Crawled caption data
--------

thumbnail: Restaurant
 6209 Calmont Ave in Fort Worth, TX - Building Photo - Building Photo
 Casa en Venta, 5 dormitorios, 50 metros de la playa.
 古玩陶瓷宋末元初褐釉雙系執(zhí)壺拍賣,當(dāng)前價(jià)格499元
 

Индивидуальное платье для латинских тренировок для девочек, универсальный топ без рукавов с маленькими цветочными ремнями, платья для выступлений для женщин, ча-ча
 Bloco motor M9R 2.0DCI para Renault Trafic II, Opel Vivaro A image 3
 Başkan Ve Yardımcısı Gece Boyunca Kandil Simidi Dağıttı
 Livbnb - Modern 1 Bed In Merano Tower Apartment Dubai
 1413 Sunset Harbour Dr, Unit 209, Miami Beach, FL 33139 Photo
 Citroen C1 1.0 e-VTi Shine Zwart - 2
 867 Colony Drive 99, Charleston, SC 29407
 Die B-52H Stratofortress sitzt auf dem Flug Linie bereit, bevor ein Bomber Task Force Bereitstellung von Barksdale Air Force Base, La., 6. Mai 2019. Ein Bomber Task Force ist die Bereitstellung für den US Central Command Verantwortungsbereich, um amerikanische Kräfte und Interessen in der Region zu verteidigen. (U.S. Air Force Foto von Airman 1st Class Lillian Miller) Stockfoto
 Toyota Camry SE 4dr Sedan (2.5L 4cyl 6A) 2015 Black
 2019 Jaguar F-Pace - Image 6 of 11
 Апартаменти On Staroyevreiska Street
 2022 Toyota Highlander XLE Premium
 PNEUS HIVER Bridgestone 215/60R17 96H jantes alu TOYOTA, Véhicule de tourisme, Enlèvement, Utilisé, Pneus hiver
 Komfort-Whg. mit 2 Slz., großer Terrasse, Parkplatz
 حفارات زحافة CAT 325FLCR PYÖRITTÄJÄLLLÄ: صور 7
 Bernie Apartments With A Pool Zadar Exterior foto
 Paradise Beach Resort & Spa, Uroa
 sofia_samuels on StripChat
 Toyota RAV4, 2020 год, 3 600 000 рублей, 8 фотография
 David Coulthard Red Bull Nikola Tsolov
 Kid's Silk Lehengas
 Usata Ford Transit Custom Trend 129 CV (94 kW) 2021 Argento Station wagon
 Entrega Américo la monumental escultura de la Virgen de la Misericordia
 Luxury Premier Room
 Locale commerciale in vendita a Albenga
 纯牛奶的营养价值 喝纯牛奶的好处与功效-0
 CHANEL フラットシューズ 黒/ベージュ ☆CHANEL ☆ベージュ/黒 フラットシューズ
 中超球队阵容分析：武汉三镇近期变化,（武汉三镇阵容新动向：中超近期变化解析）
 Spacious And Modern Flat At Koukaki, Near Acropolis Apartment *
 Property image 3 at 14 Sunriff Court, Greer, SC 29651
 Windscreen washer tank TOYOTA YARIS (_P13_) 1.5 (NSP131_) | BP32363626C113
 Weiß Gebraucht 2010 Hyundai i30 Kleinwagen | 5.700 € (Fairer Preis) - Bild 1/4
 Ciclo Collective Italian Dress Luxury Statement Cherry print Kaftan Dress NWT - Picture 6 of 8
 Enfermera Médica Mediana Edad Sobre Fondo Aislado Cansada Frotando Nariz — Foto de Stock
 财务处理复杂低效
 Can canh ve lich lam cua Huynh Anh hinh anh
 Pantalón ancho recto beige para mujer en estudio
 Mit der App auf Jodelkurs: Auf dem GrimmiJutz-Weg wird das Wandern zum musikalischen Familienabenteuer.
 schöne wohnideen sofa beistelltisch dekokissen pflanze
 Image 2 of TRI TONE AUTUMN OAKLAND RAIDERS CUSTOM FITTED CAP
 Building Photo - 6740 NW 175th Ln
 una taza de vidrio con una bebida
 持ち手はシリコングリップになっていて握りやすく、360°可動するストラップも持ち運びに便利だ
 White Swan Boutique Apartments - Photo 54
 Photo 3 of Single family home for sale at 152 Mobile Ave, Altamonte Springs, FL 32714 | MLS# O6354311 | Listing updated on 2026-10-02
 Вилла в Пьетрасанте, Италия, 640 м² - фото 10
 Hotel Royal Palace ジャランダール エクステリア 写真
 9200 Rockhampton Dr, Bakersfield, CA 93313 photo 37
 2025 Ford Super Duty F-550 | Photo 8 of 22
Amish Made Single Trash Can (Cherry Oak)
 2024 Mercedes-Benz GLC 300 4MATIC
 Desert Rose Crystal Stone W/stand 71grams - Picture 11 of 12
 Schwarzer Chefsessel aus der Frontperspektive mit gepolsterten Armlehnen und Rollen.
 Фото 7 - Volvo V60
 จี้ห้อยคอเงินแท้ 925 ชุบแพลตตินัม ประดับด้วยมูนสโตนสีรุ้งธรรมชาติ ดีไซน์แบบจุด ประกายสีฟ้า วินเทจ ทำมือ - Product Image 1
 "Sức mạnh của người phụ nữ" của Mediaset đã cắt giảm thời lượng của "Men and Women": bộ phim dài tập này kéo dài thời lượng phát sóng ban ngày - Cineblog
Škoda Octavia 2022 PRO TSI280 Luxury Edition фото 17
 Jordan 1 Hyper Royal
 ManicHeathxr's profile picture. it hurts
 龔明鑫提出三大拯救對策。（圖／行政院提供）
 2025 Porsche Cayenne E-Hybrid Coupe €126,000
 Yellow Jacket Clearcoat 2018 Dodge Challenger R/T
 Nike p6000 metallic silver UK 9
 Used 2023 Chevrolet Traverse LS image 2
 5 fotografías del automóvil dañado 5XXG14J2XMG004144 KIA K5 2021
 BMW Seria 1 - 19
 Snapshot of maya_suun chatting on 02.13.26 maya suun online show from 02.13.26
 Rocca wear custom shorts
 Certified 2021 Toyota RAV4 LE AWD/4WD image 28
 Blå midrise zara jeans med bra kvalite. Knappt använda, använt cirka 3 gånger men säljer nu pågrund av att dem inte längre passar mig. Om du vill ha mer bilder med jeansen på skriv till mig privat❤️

--------

_Your assignment:_ In the entries above, tally the lines that hold the string "Royal" and give only the count.

_Answer to this task:_ 2